The British artist’s ironic take on some of Gucci’s signature pieces—and characters—come to life on the T-shirts exclusively available on the House’s European and US websites. Each of the designs are limited to 100 pieces (numbered like an art print) and come encased in a vintage-style metal box, featuring the same drawing as the T-shirt inside. Talking with Gucci Stories, the illustrator reveals her inspiration for the collection and her artistic family’s influence on her work. Grandfather David Nightingale Hicks was an interior decorator and designer and father Ashley Hicks is an author, architect and furniture and interior designer.
What inspired you to first start drawing in your style?
I actually think I've been drawing in the same way since I first picked up a pencil. Obviously on a technical level I have improved with age, but the style is very much consistent I’ve always interpreted people and places with the same strong graphic line, reducing faces to their key structural components. It’s funny to try and explain my style per se as it is something that has developed organically - the way I draw is the way I see people and things. I pick up on the key defining lines but there are also elements of anime influence with the exaggerated features and disproportionately large heads. This is quite likely a result of watching a lot of the cartoon Sailor Moon when I was little.
Can you tell us a little bit about your creative process?
My creative process is very much centered around achieving symbiosis between wordplay and image. Both are equally important in my illustrations. The image is, quite literally, drawn from reality - and the wordplay is borne from culture. Idioms, popular expressions, sayings, known slogans. all products of culture - popular or otherwise. I could be equally inspired by the title of a book, an advertising campaign or a popular saying. I have to emphasize that it is never forced, as I approach my illustrations in a similar fashion to how I approach a joke. If it’s forced, it is unlikely to make anyone laugh.

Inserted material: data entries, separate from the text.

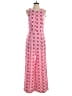 Boden 100% Linen Pink Jumpsuit Size 2 (tall) - photo 1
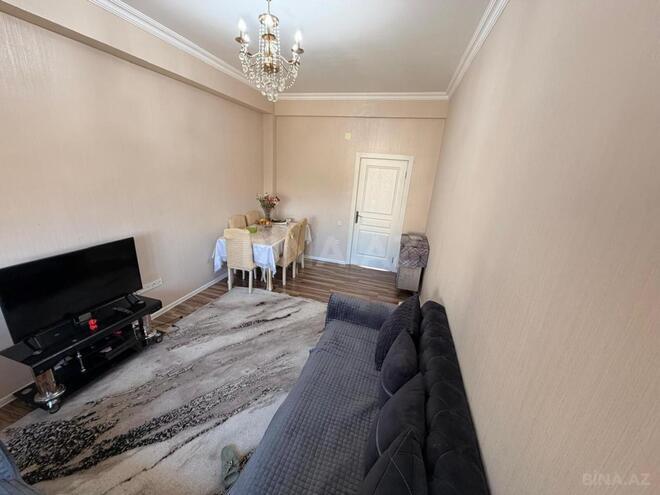 Продаётся 3-комн. новостройка 75 м², пос. Ясамал, photo 4 from 21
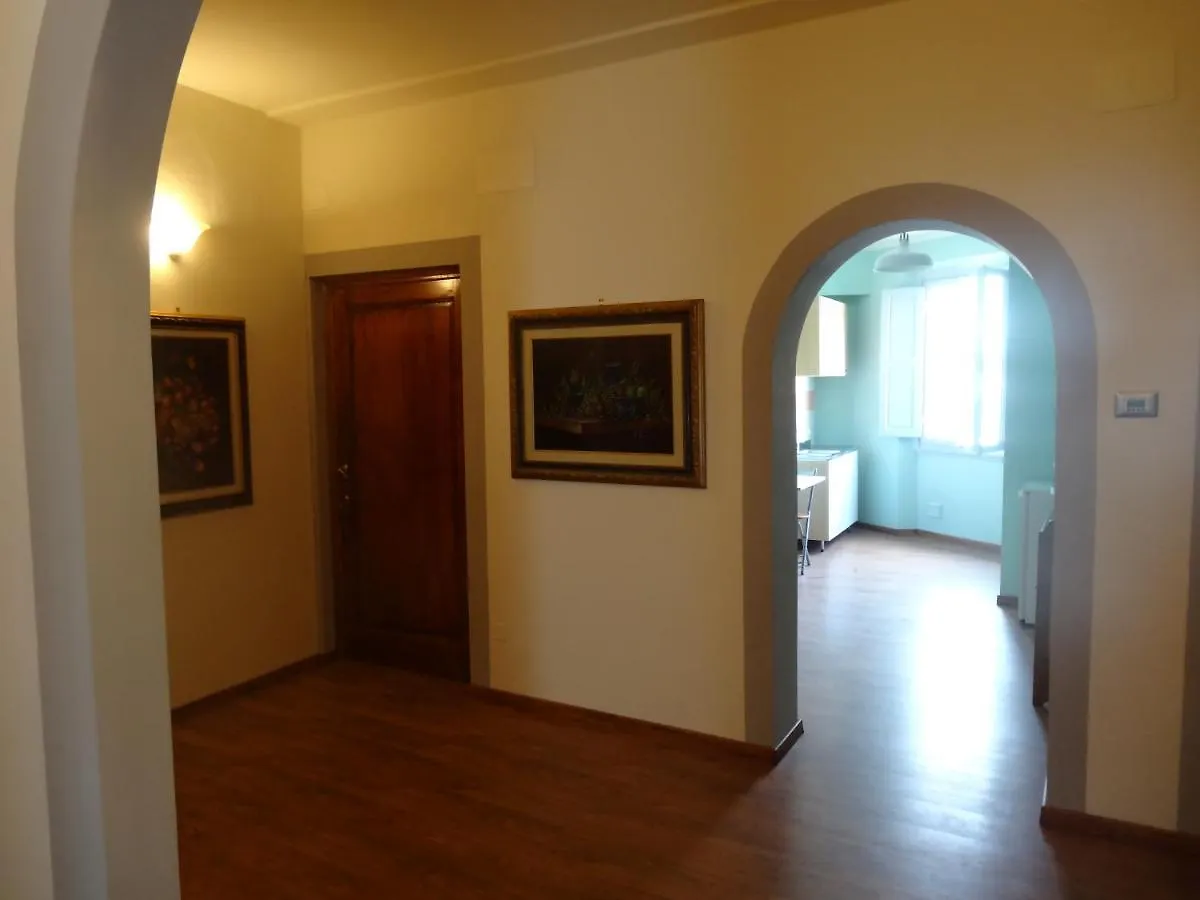 Bed & Breakfast La Tavernetta Florença Itália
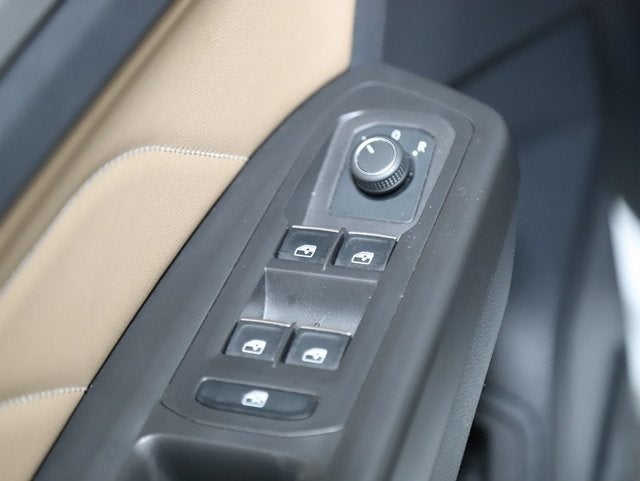 2023 Volkswagen Atlas Cross Sport 2.0T SEL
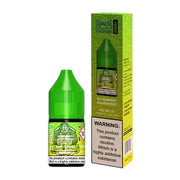 R&M Nicotine Salt E-Liquid – Premium Vape Juice for Pod Devices (Multiple Flavours – 10ml, 20mg)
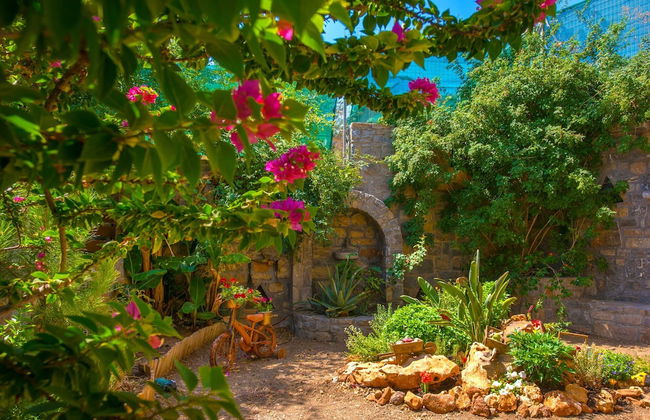 Villa Belladonna - Heraklion Private Pool Getaway - Foto 5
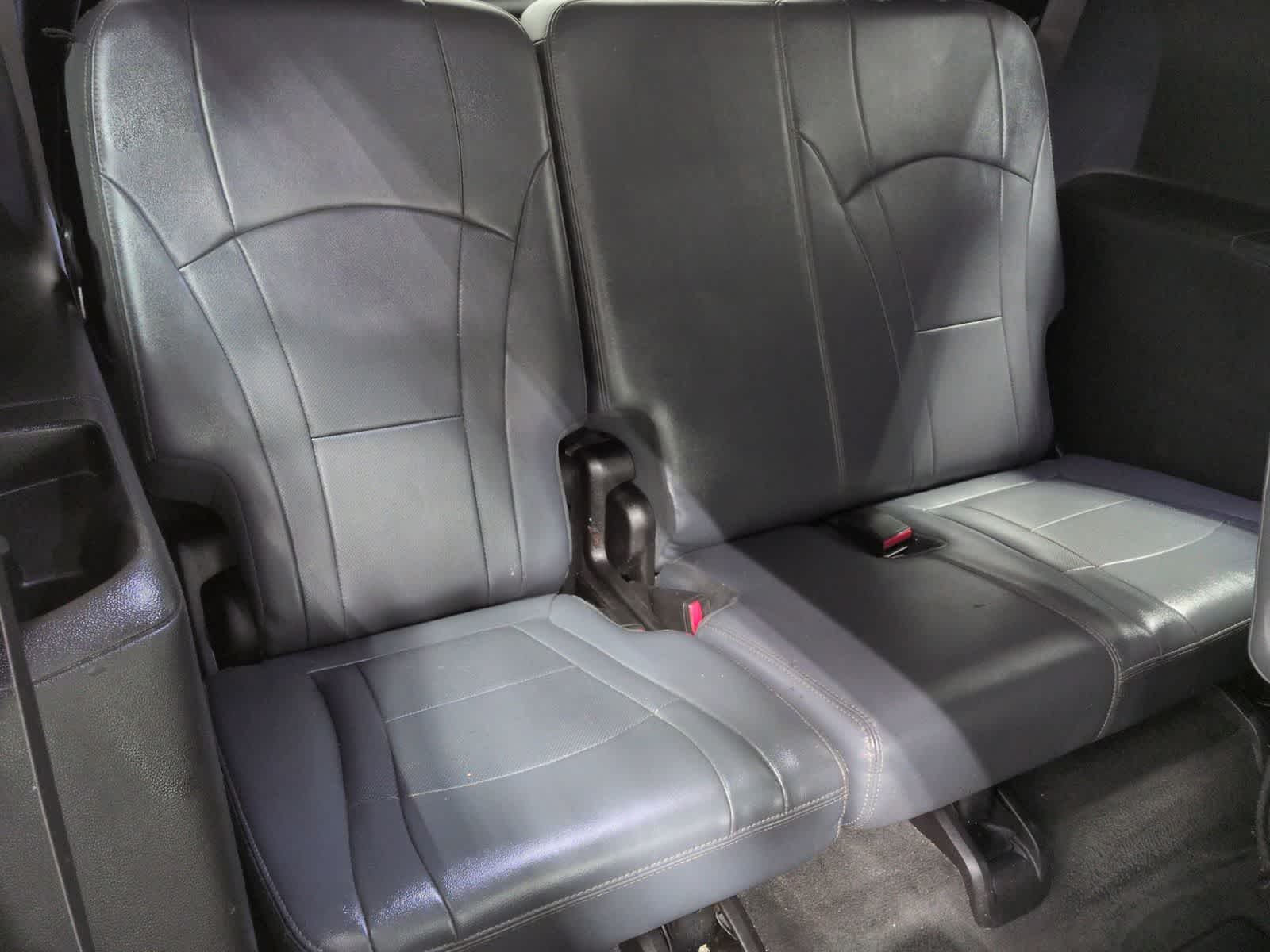 Thumbnail: 2019 Buick Enclave - 37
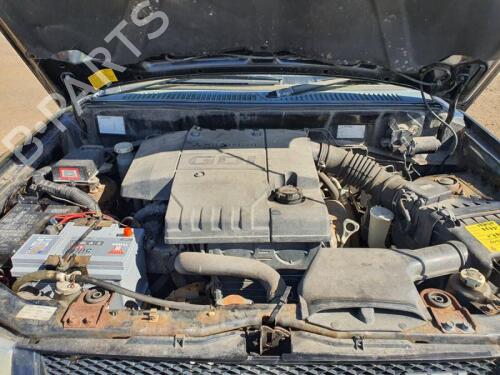 Skrzynia biegów MITSUBISHI PAJERO PININ I (H6_W, H7_W) 1.8 GDI (H66W, H76W) | BP29761565M3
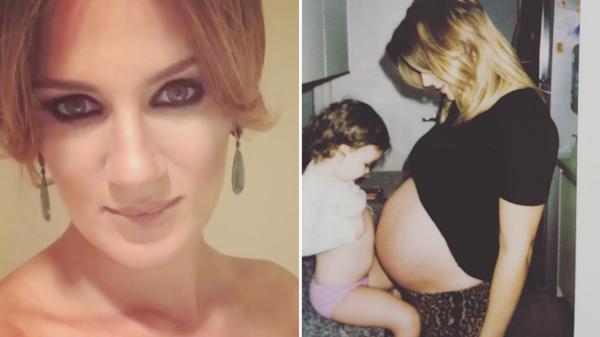 PAULA CHÁVES Y UN FUERTE MENSAJE SOBRE LA MATERNIDAD
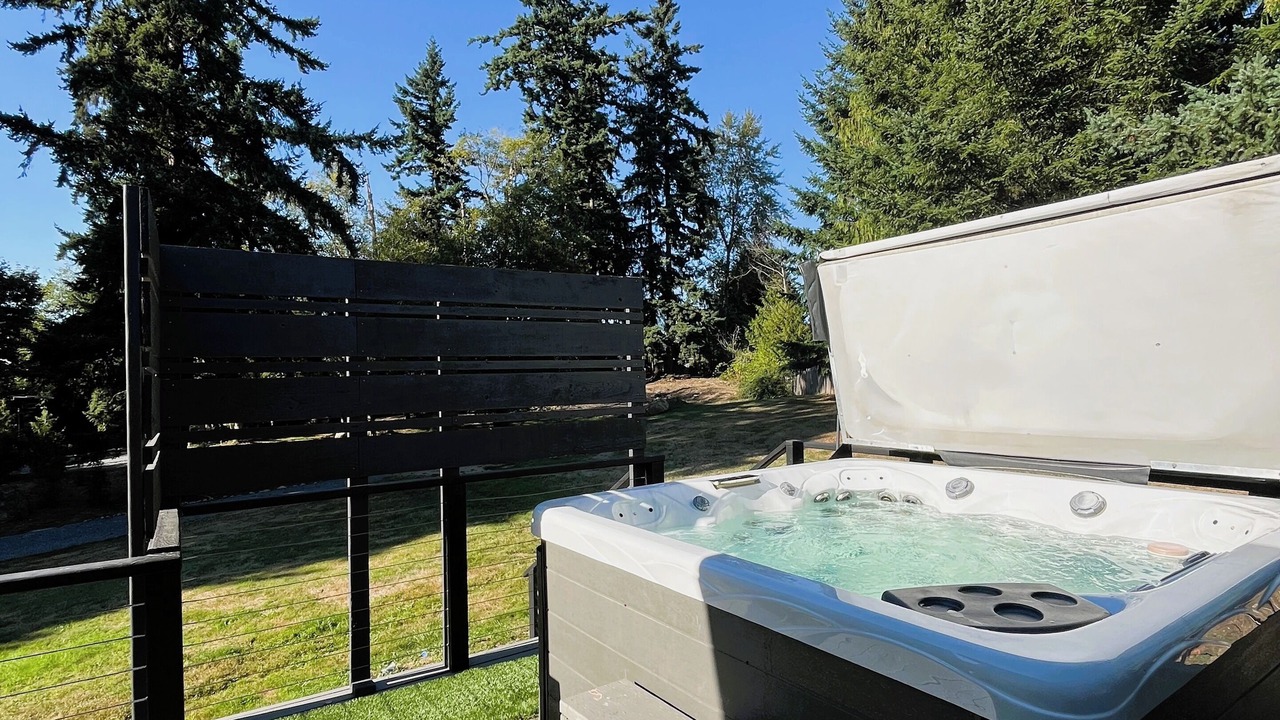 Photo of Outdoor in Marysville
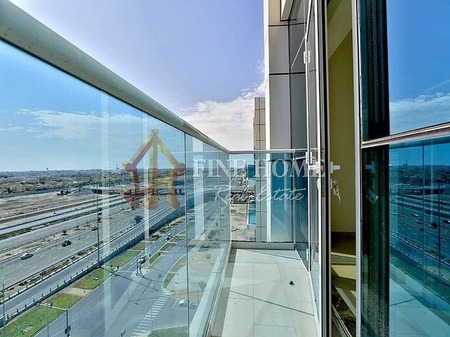 Spacious Brand New 2MBR with Amazing View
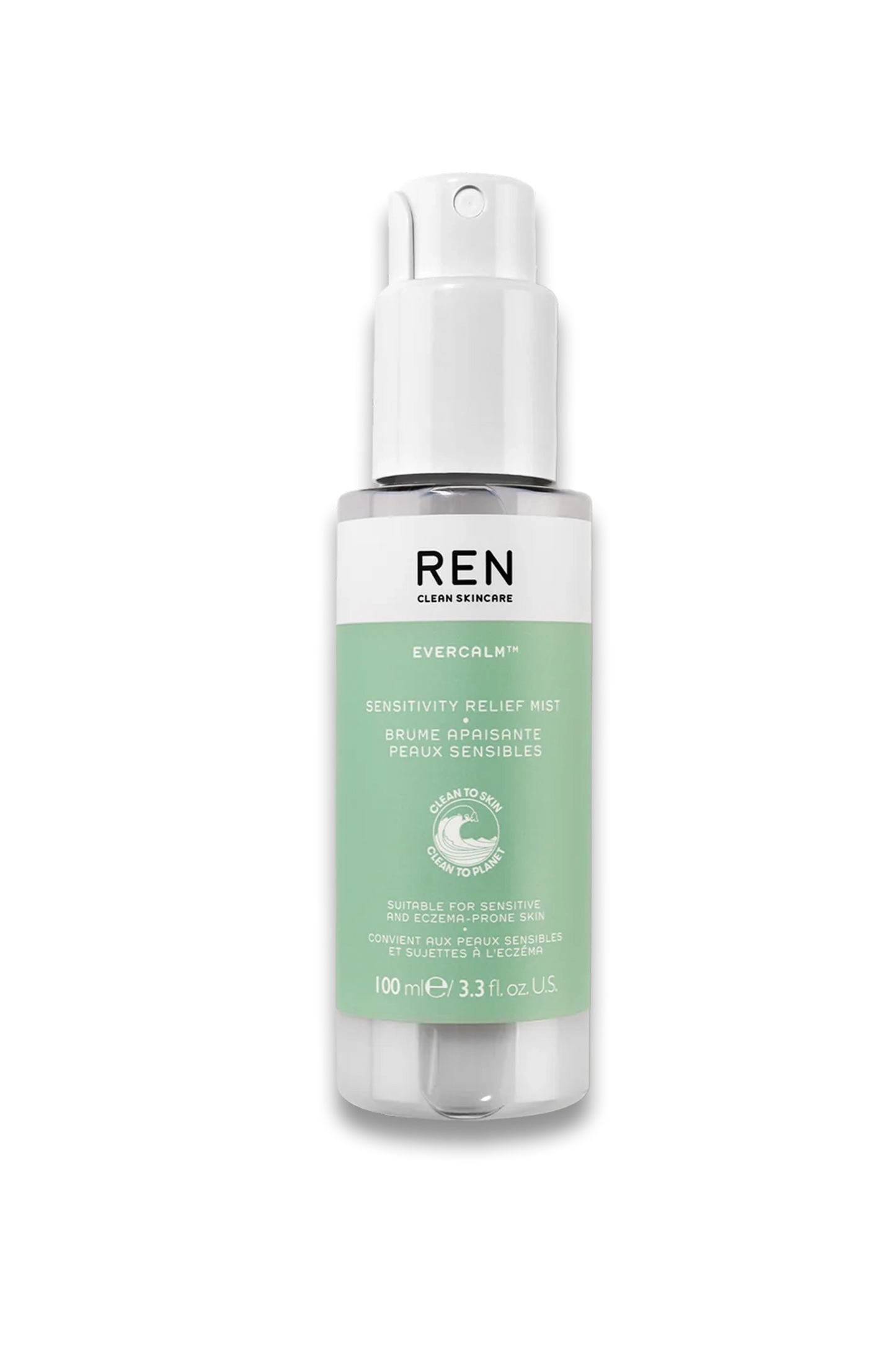Evercalm Sensitivity Relief Mist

What pieces were you drawn to of Alessandro Michele’s collection to riff on and why?
I began illustrating at around the same time that Alessandro Michele became the creative director of Gucci. From the beginning I was incredibly inspired by the total aesthetic transformation of the brand- immediately apparent in the Fall 2015 collections. One of my very first drawings is a riff on this aforementioned transformation. It is a reaction to the Women’s Fall 2015 show and is captioned “Gucci bids farewell to hoochie and welcomes Alessandro Michele’s new vision. Glasses included.” So from the outset I was drawn to riff on his rupture with his predecessors’ vision.
How does your artistic family influence your work?
I would say that my artistic family and upbringing were extremely influential in my creative growth and helped give me confidence in my hand as well as my opinion. My parents, both designers, instilled and nurtured a passion for drawing within me from a young age, and were always encouraging of my ability. My father introduced me to books such as “OHO” (illustrated by the great Rex Whistler) which triggered an early interest in the comic potential of illustration, while mymother taught me to appreciate fashion beyond trends, to see the beauty in individual garments. I was raised by two aesthetically astute individuals who taught me the wonders of being observant and encouraged me to find my own voice, and to value my own opinion.